In theory, I don’t really have a problem with a reboot of the Spider-Man franchise. It’s true that it’s only been five years since the last one ended and that the reasons for making this movie now were clearly financial, but that doesn’t doom it to creative failure. Sequels and remakes are so ubiquitous now that there’s no real point in waiting if you have a fresh take on an old idea.
The problem with The Amazing Spider-Man is that there really is no fresh take at all.
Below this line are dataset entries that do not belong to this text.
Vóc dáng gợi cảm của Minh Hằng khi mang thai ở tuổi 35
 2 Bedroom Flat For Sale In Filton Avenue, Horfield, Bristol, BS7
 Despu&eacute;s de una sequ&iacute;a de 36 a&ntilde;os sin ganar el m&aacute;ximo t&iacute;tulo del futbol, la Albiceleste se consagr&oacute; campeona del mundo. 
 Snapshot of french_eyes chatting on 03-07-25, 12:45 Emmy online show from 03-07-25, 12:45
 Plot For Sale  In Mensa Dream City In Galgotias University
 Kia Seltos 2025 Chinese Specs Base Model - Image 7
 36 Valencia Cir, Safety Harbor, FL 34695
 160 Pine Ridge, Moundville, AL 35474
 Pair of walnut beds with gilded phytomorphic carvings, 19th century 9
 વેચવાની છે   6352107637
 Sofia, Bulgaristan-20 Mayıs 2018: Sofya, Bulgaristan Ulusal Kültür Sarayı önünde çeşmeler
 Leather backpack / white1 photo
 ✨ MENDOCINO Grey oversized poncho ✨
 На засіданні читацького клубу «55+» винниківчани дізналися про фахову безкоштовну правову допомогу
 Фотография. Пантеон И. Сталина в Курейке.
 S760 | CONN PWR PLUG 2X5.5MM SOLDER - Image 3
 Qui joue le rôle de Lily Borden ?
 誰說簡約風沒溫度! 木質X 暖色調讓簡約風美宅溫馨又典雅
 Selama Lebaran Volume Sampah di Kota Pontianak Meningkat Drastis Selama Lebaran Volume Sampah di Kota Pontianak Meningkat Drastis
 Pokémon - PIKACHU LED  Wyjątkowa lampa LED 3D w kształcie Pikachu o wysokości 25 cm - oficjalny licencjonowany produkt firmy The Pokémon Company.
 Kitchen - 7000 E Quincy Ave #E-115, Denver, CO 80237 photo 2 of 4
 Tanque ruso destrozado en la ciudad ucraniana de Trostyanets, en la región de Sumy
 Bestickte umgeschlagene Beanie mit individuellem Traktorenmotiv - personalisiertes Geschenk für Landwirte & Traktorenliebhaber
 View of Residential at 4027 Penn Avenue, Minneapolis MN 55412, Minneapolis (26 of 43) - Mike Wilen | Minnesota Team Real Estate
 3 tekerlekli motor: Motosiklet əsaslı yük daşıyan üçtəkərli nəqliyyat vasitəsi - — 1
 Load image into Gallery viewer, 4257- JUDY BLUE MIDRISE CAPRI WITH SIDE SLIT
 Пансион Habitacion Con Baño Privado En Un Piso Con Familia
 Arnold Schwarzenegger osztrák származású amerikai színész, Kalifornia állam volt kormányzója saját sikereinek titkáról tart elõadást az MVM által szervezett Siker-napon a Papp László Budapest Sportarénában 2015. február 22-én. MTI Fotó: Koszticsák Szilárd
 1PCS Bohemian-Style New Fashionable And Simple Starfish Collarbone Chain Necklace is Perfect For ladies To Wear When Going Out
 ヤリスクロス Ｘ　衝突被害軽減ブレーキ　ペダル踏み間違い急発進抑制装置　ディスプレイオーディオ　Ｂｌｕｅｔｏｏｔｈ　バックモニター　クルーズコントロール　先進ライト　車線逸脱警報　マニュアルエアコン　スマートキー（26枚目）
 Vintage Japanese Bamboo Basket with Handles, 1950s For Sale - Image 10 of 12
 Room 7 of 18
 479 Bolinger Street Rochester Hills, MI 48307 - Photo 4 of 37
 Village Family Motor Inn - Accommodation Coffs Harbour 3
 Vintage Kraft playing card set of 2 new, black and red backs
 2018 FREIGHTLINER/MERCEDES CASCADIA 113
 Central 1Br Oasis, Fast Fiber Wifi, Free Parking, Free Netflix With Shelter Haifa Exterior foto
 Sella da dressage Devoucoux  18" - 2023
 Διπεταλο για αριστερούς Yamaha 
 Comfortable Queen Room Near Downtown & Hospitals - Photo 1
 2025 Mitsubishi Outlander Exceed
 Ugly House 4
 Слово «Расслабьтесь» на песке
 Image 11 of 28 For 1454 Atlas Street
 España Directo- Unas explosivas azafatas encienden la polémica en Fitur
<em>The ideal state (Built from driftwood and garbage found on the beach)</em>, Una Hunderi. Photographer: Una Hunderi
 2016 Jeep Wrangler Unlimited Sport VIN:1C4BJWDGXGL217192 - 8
The story is virtually identical to the one told in the 2002 version: Peter Parker is a nerd, then he gets bitten by a spider, then his Uncle Ben gets killed, then he fights crime, then he gets the girl, then he fights a Major Bad Guy who has endangered the girl. You could argue that there’s no way to do the story without those major beats, but this movie does absolutely nothing to enliven them. It just goes through the already-familiar motions.
One major problem with the film is Andrew Garfield as Peter. I liked Garfield a lot in The Social Network, and he’s not bad here—he’s just miscast. It is simply impossible to buy Garfield as the socially awkward science geek he’s playing. Tobey Maguire looked like the average, in-over-his-head kid that Peter Parker is supposed to be; Garfield looks polished and urbane and tall. It’s very hard to believe that he would have trouble getting Emma Stone to notice him—after all, Garfield and Stone are a couple in real life.
There are aspects of Parker that Garfield does do better than Maguire, specifically his wise-ass side. The brief bits when Parker seems to be having fun as Spider-Man—when he mocks a criminal’s poor planning or tells a cop how to do his job—show that there is a version of Spider-Man that Garfield could have excelled at. But not the generally humorless story this movie tells.
Though this year’s version repeats most of the 2002 story, it drains almost all the fun out of it. Ten years ago, the story had J.K. Simmons as the cartoonish editor providing levity. It had James Franco as Parker’s friend to offer a sense of camaraderie. It took time to depict Parker’s maturation into his abilities. This film drains away all of that. In one scene, Parker is accidentally destroying a subway car with his powers; minutes later, he’s doing stunts in his high school gym with ease.
This is probably the film’s greatest sin: Not only is it familiar, it actually relies on that familiarity to gloss over certain key plot points. We only know Garfield is playing a nerd because we already know Peter Parker is supposed to be a nerd. We only really understand his powers because we know Spider-Man’s powers, and not because of how they are illustrated.* We only know that the Oscorp scientist is evil because the Oscorp scientist is supposed to be evil. The villain’s motivation is never even clear until he explicitly announces it in the clunkiest way—and even then it’s kind of a stretch.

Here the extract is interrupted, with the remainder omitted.